▶ **Your goal**: Find the line containing "KNS1219 5x8 5" in the entries below. Restate it and each line after it, word for word, up to and including the line containing "Detalle de JSVER".

─── Input

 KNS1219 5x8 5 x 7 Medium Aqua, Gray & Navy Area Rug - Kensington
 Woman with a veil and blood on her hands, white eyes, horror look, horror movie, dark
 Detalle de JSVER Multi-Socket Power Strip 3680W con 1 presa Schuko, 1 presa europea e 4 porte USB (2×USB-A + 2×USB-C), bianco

──────
─── Input

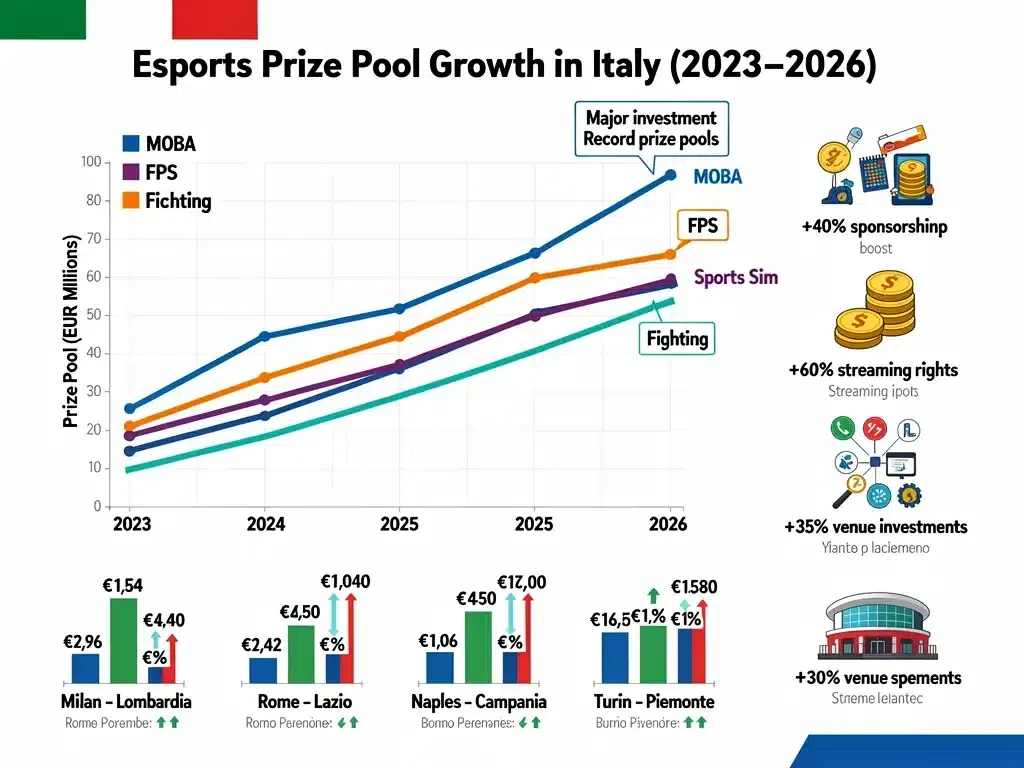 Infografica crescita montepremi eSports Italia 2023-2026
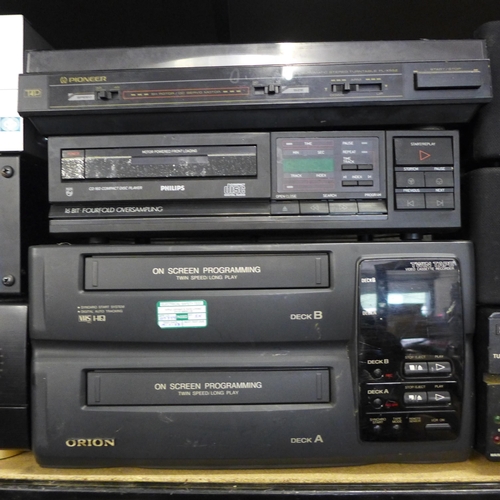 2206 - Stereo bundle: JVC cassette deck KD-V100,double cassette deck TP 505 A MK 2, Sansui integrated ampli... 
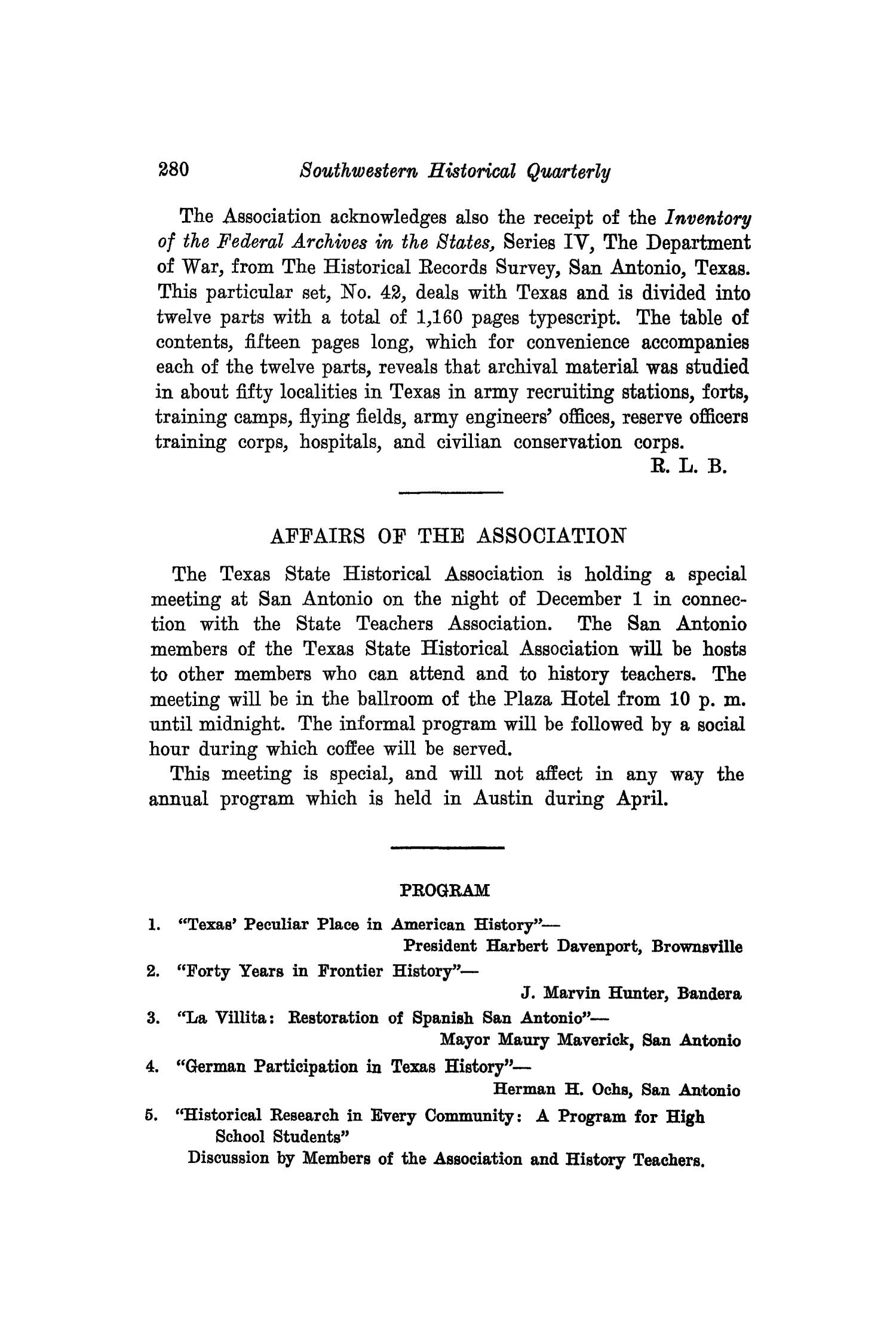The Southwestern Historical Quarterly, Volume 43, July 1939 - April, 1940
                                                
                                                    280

──────
─── Input

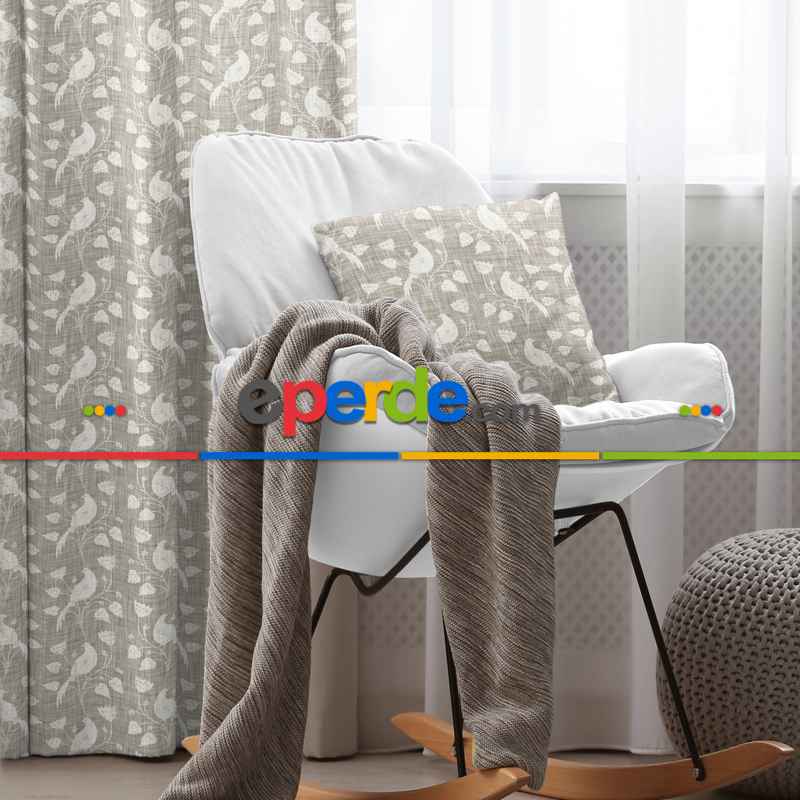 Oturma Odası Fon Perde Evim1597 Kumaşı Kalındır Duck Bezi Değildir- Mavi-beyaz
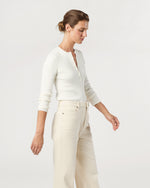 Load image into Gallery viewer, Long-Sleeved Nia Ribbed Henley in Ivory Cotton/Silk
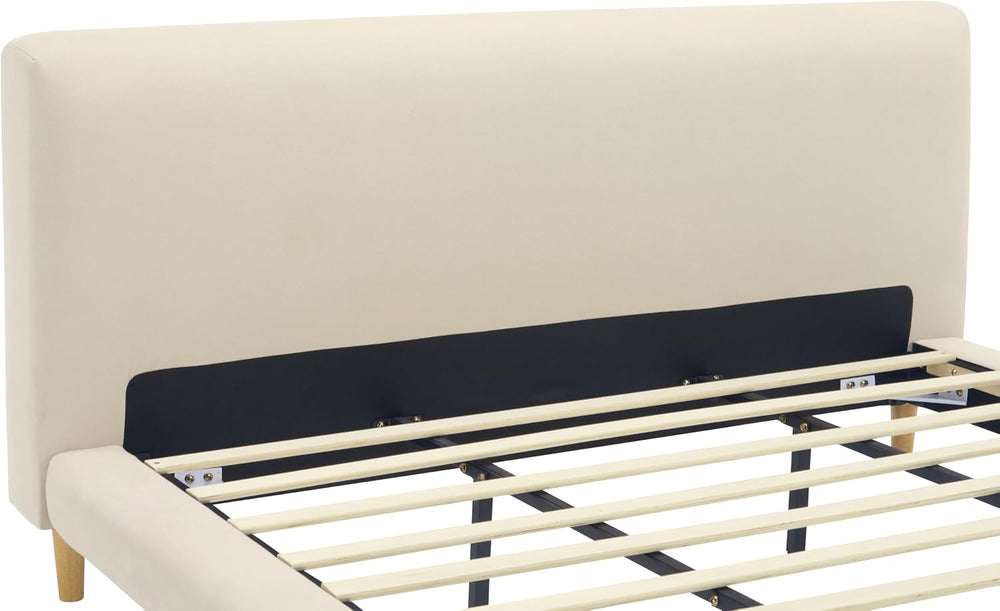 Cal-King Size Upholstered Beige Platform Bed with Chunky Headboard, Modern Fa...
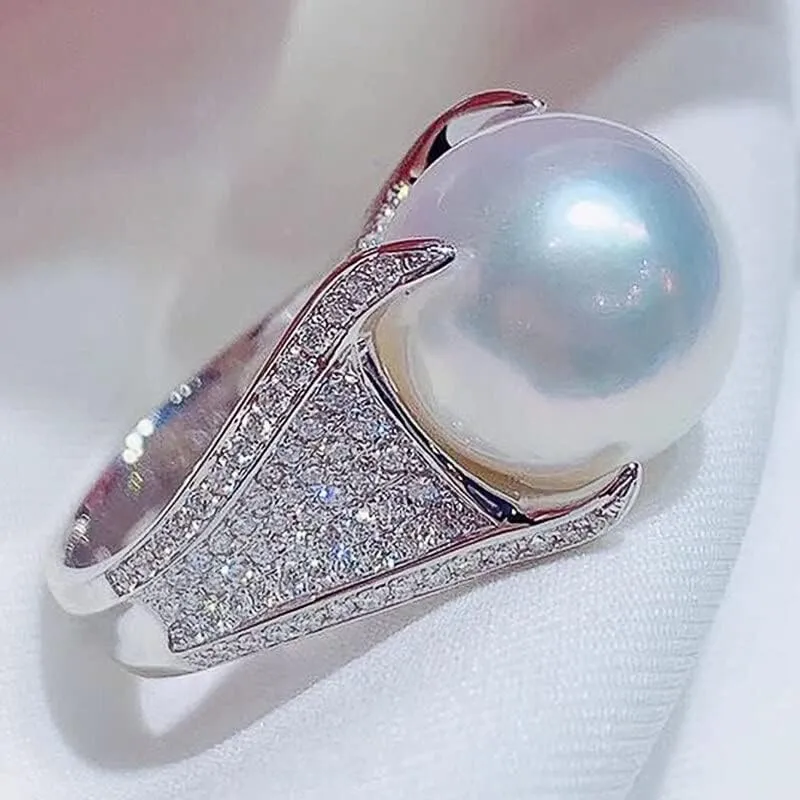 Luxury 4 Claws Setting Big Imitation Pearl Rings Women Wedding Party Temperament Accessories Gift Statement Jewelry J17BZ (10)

──────

▶ **Task solution**:
 KNS1219 5x8 5 x 7 Medium Aqua, Gray & Navy Area Rug - Kensington
 Woman with a veil and blood on her hands, white eyes, horror look, horror movie, dark
 Detalle de JSVER Multi-Socket Power Strip 3680W con 1 presa Schuko, 1 presa europea e 4 porte USB (2×USB-A + 2×USB-C), bianco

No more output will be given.